** Material provided **
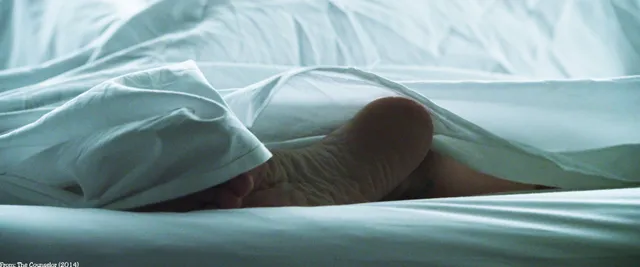 Penélope Cruz showing a bare sole beneath pale bed sheets.
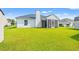 Backyard with a bright green lawn and a screened in porch at 708 Alexis Dr., Longs, SC 29568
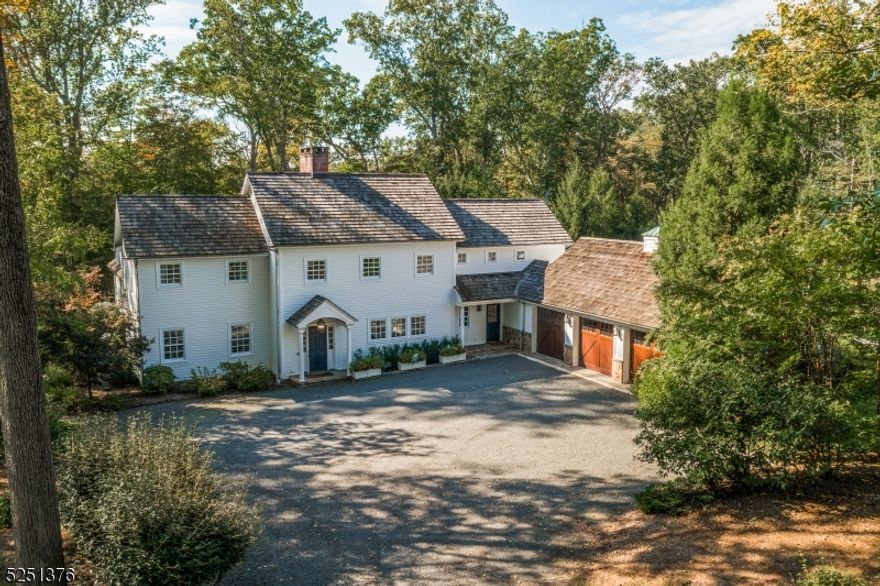 A classic Colonial gem is sited on 10 farm-assessed acres in Far Hills, where it backs to Natirar Park's scenic hiking trails and open space. Finished in HardiePlank siding and capped by a cedar shake roof, this beautifully maintained home was expanded and updated in 2006. The five-bedroom, Five-bath layout is enhanced by an attached three-car garage, heated gunite pool, bluestone and antique brick patios, paver block firepit, built-in grill station, and two-stall storage barn. Set on a quiet cul de sac and approached by a stone drive, the stunning architecture is surrounded by green lawns, lush landscaping, and mature trees.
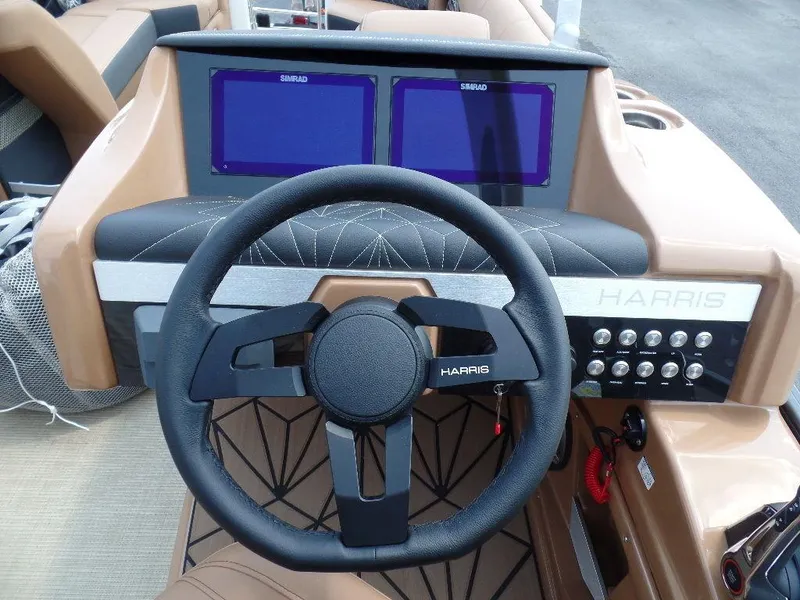 Slide: The Image of 2025 Harris Grand Mariner 250 dashboard with steering wheel and dual screens. - 7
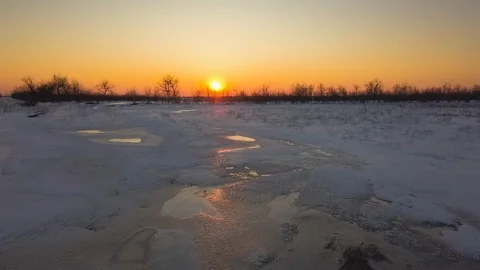 Snow-covered fields at sunset from a bird's eye view Stock Footage 123101578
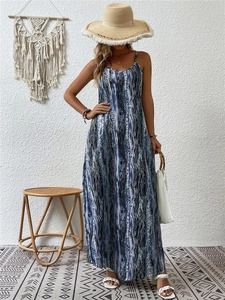 Detail of bohemian blue and white wavy print maxi dress with thin shoulder straps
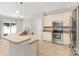 Kitchen offering a view of the sink and faucet, stainless steel oven and microwave, and wooden cabinets at 230 Dawn Mist Ln, Fort Mill, SC 29708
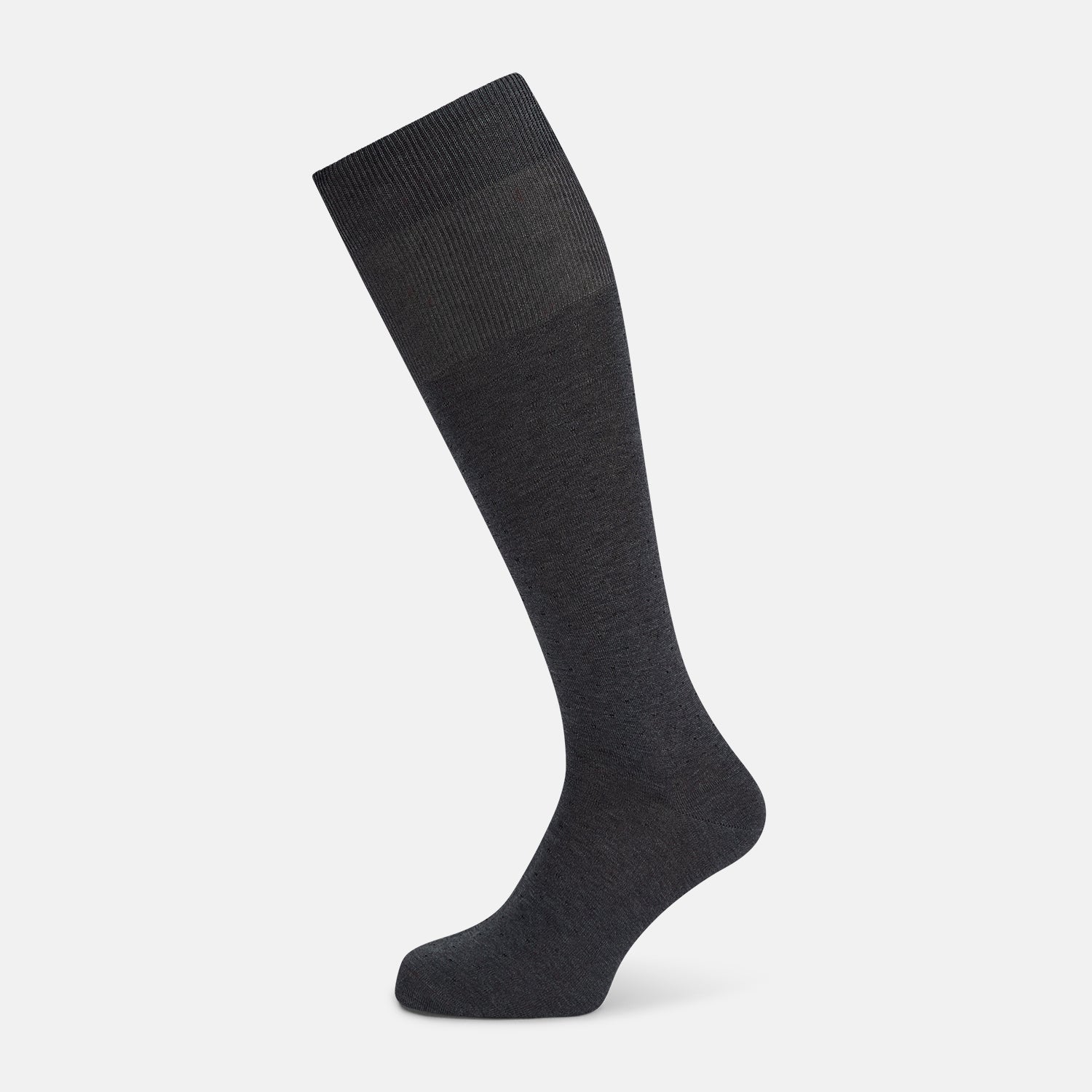 View 1 of product The Turnbull & Asser Steel/midnight Polka Dot Long Sock is shown in dark gray over the calf, displayed from the side on a white background with downward toe and ribbed top for a snug fit.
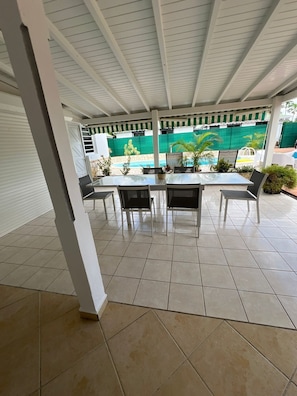 Un patio cubierto con suelo de baldosas, una mesa con sillas y vistas a una piscina.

** Task to complete **
Without the pictures, return the listing above from its first line through the line that has "Backyard with a".

** Answer space **
 Penélope Cruz showing a bare sole beneath pale bed sheets.
 Backyard with a bright green lawn and a screened in porch at 708 Alexis Dr., Longs, SC 29568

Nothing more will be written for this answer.